The current General Assembly will never be confused with being consumer friendly, but even by its corporate-protectionist standards its passage of the Property Protection Act was a shock.
The law passed in 2015 and better known as the “ag-gag” law allows employers to sue employees who conduct undercover investigations while at work. The stifling of whistleblowers was so misbegotten that even the usually pliant Republican Gov. Pat McCrory vetoed it. His own party promptly overrode that rejection.
Now the law is going where so much of the work of this reckless legislature ends up – in court. A group of animal rights and consumer protection organizations filed suit in federal court Wednesday. They contend that the law violates the constitutional rights of free speech and the civil rights of employees.

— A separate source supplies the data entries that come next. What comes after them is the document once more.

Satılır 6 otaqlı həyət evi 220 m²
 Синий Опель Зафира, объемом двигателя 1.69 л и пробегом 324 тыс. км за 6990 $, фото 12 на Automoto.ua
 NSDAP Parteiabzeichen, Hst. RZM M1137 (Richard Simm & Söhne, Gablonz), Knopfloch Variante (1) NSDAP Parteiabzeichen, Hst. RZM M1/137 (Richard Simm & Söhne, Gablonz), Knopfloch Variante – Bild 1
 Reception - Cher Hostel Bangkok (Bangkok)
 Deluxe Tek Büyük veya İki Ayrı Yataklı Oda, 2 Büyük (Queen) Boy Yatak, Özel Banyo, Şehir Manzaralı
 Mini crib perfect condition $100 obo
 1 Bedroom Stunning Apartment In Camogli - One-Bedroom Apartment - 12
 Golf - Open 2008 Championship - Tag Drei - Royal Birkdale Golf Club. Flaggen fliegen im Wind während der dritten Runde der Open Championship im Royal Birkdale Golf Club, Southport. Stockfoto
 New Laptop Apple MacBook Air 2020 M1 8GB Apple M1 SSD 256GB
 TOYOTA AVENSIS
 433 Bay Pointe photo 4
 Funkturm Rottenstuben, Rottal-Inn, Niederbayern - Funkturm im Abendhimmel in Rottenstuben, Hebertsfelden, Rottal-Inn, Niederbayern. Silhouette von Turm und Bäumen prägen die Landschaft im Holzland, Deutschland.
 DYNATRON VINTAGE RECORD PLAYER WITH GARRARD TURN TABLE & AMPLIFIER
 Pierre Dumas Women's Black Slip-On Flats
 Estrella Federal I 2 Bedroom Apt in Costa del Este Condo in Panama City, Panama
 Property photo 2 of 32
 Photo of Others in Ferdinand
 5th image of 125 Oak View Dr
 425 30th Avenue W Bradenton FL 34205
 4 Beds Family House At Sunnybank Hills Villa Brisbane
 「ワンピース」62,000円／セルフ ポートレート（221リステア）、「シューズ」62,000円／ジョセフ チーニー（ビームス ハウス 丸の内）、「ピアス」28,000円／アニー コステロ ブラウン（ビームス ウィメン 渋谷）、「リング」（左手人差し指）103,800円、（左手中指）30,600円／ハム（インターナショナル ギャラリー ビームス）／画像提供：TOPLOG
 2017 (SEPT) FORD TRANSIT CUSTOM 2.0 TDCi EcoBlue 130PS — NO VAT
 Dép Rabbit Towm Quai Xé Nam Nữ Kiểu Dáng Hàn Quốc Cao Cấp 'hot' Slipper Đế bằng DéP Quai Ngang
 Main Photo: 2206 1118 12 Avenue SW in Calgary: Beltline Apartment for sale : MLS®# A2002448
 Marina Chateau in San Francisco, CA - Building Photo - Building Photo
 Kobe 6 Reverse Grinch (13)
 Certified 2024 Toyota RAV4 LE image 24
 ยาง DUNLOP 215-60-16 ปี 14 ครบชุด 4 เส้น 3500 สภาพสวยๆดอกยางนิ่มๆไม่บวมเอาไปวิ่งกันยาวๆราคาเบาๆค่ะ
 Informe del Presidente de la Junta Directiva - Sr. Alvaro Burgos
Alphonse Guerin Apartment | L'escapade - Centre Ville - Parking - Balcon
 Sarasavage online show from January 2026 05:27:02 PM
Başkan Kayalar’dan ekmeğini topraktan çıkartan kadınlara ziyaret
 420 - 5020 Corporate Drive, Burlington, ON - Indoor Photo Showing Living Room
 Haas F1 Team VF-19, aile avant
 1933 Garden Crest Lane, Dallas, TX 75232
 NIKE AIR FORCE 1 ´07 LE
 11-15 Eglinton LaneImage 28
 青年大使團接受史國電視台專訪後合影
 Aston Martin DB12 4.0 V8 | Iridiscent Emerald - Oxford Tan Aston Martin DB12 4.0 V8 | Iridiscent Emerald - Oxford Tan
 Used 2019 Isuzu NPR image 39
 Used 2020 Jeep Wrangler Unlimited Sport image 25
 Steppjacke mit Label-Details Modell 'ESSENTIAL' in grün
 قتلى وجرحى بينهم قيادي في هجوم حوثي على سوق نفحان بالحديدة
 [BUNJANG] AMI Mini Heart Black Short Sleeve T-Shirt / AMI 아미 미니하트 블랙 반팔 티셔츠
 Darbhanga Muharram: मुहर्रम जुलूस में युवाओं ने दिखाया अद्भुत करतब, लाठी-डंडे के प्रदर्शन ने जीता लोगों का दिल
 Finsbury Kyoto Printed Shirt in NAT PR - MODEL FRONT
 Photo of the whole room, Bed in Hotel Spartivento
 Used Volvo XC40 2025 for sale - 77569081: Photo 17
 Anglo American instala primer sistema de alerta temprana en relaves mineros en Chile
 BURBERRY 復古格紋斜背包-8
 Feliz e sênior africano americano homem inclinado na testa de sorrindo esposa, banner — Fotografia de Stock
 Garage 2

The lawsuit stands a strong chance of succeeding. Not only does the law raise constitutional questions, it appears to contradict other statutes protecting whistle-blowers and it offers employers blanket protection against offenses that are too vaguely defined.
Never miss a local story.
But the law’s most serious defect isn’t legal, it’s ethical. It’s a disgrace that legislators elected to represent the interests of their constituents instead think it’s more important to shield food processing companies whose cruel and often unsanitary treatment of pigs, poultry and other animals could not withstand public exposure. Discouraging workers from documenting nasty workplace practices also poses a danger to people living in institutional settings. Indeed it was this latter effect that moved the governor to veto a bill that otherwise would suit his pro-corporate agenda.
Supporters of the new law say it is not aimed at traditional whistleblowers who take their concerns to the proper authorities. Rather, they say, it is aimed at activists who join a company simply to spy and then go to a news outlet with their secret recordings. But this distinction doesn’t hold up. Going to the authorities or going to the media is ultimately the same thing.
If companies don’t want to be exposed for mistreating animals or people, they shouldn’t mistreat animals or people. That is as simple as this law is wrong. The court should strike it down as a law that allows the violation of basic rights in order to protect abusers of people and animals.